Emily Gindlesparger: I credit a lot of this to working with Tucker Max. Tucker developed such a beautiful memoir program that we ran for a short time. One of the things that he constantly taught that really resonated with me, was that when we go to write memoirs, specifically, the first version of it that we write is really just for us. Then we turn around and we start to look at that story and decide what to share and then the edited version that becomes for a reader. So for me, that totally happened in two stages. It was like there was a first stage where I was in the thick of chaos in my life. In the book, this is when I was in three different relationships at the same time. They were each in their own states of disarray, and I was the one driving all of that.
I was really struggling to stay afloat in knowing myself in all of these relationships that I had created in my life. I started writing, at first just to navigate that part of my life better for myself. I started writing to basically tell myself my own story so that I could start to understand like, “What the hell am I doing here? How did I get here? What do I want? Where am I trying to go?” I didn’t know the answers to those questions. I started writing my story as a way to understand that. Then the interesting phenomenon of writing and I think anybody who journals on the regular experiences this is, when you get used to writing your thoughts out, then it becomes a lot easier to speak out your thoughts. I found myself opening up to friends and family members in ways that I had been really hiding from them before.
I had all of this chaos in my life. I had recently realized I was queer and had these multiple relationships. All of this was outside of the norm of how people knew me before that point. It felt really vulnerable to open up and describe all of these very different ways that I was starting to lead my life. But writing helped me get more comfortable in those conversations.

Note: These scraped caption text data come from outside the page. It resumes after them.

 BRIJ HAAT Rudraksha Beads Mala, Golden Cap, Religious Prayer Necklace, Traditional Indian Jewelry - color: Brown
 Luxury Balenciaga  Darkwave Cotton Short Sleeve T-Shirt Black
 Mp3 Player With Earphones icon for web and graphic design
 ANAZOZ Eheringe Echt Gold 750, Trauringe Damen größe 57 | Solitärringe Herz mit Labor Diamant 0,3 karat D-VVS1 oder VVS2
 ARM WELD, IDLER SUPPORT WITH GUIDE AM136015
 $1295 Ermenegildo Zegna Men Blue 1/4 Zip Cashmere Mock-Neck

So I started allowing myself to be more seen and heard with close loved ones and friends and family. Then that extended out to like, oh, I saw that my circumstances might be really unique in terms of the relationships I have going on, but the stuff that I’m grappling with, my own sense of self-worth, and self-love, and self-care all of that is normal stuff that everybody grapples with in all kinds of relationships.
I started to understand that my story may feel really like, no one in the world could relate to it. But the more that I talked about it, the more I realized that it does, indeed scale. That there are parts that other people resonate with, and parts that other people can learn from and things that I can learn from other people when I’m willing to be vulnerable and share, so that’s the journey that I’m on now is basically making that effect bigger and bigger.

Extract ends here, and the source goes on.